Tune In to the Whole Story When You Have Hearing Aids?
Have you noticed that you’re a bit harder of hearing than you used to be? Certain noises totally escape you or you’re asking someone to repeat themselves over and over again? Chances are good that you may need to start thinking about investing in hearing aids. If you haven’t used hearing protection throughout your life or had an infection that blocked hearing, you’ll almost certainly want to use hearing aids or hearing equipment to enhance the sounds around you. Since your hearing can also affect your balance, it’s important to make sure that you can hear properly, since a fall can have serious consequences for your health. Wear your hearing aids with pride! You’ll be able to fully partake in conversations again, not be embarrassed about missing anything, and keep yourself safe by achieving better balance. What’s not to love about getting hearing aids?
Can You Hear Me Now?
It’s not just the elderly who may need hearing devices and it’s just aging that causes hearing loss. Between two to three children out of every 1,000 in the United States are simply born with some level of hearing loss in one or both of their ears. Almost a million and a half of children who are under the age of 18 have hearing problems already, whether that’s due to ear infections, genetics, or other environmental issues. Given that five out of six children have an ear infection by the time they’re three years old, that shouldn’t be too terribly surprising. And almost 7.5% of those aged 29-40 have some type of hearing loss as well. Around 15% of adults say that they have some trouble hearing.
Of course, age does play a factor. Three tenths of people who are over the age of 60 have hearing loss of some kind. Almost 15 of those between the ages of 41-59 have a hearing problem.
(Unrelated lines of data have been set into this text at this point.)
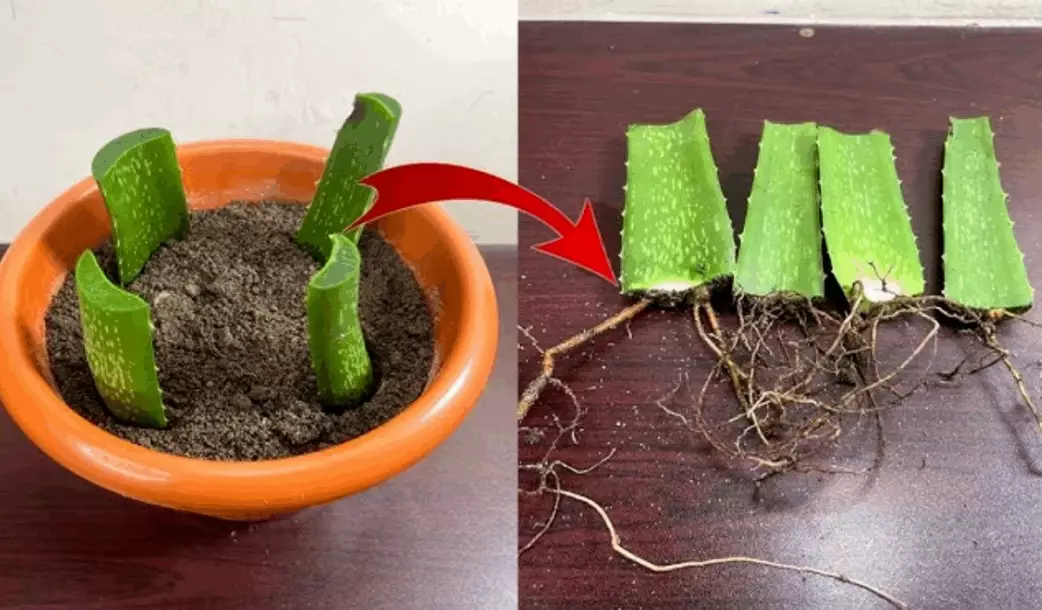 propagate aloe vera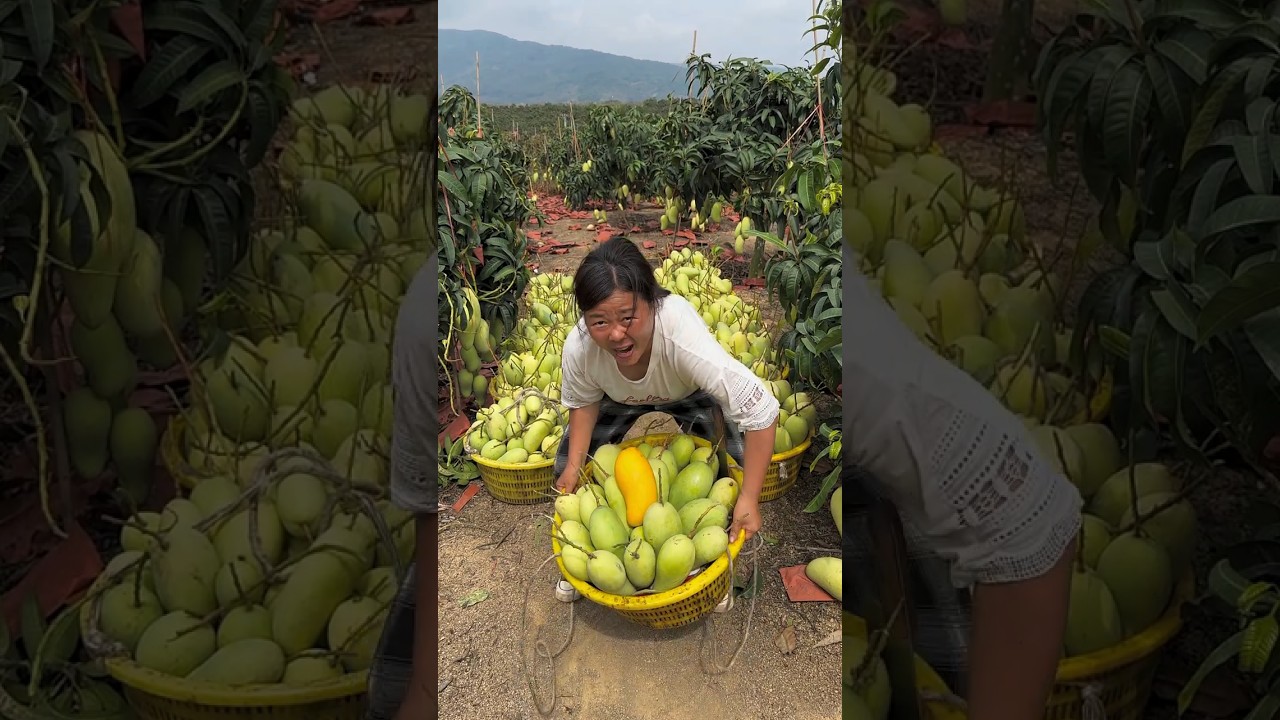 Sweet mango harvesting activity is really fun #fruit #2024 #mango #farming
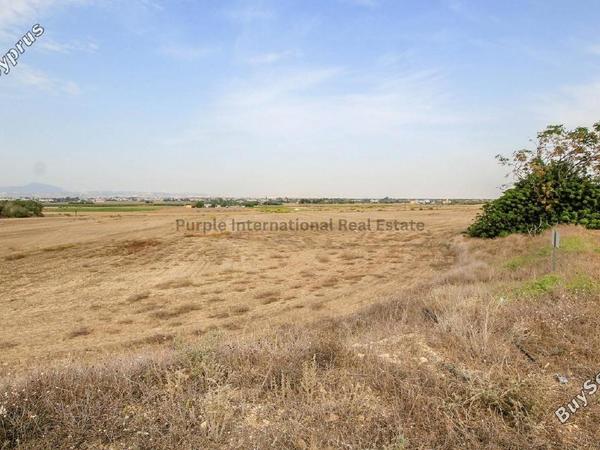 land for sale pervolia larnaca 7543106 image 10011482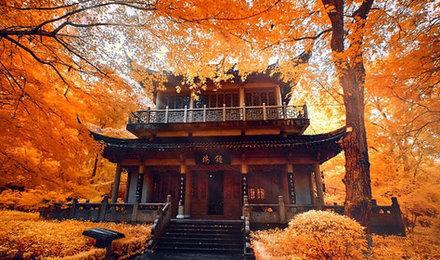 南京止马岭休闲2日游栖霞山红枫银杏解锁小众美景止马岭晨曦恋山草原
About 13% of people over the age of 12 (that’s one in eight people) have suffered from hearing loss in both ears, according to the regular hearing exams that are routinely conducted.
What Are Some Common Reasons For Hearing Loss Occurring?
According to the National Institute on Deafness and Other Communication Disorders (NIDCD), around 15% of Americans who are between 20 and 69 years of age have high frequency hearing loss from being exposed to noise in the workplace or from leisure activities. For example, listening to loud music on headphones or working on a construction site without the proper hearing protection can both do damage to your ears.
Infections or other disorders can also be responsible for hearing loss. A virus, disease, head trauma, and other diseases can take a toll on one’s hearing, especially if the patient is younger or already elderly. Many children who suffer from hearing loss often do so after an ear infection, for example.
Age is one of the most common reasons for adults to complain about hearing loss. As we get older, our sight and hearing naturally declines somewhat. There could also be a genetic reason such as otosclerosis which causes hearing loss.
Why Should I Get Hearing Aids?
Surprisingly, adults who are over the age of 70 who could really use hearing aids often don’t use them. Under 30% have ever used hearing aids in that age bracket and that number continues to decrease in people between 20 and 69 years old.
Using a hearing aid will help with hearing and speech comprehension, making many day-to-day tasks easier. You’ll increase your overall quality of life by being able to follow conversations easier, be more aware of your surroundings, and can improve your balance.
If you’re worried about cost, there may be financial assistance available if you inquire, and if prescribed by a doctor, can possibly be covered under Medicare, though that often very much depends on the circumstances.
Don’t go through another family gathering only getting half the story! You can greatly improve your situation by looking into getting hearing aids. There’s plenty of resources in terms of what kind of hearing aids to look for and hearing aid care tips, so don’t feel intimidated.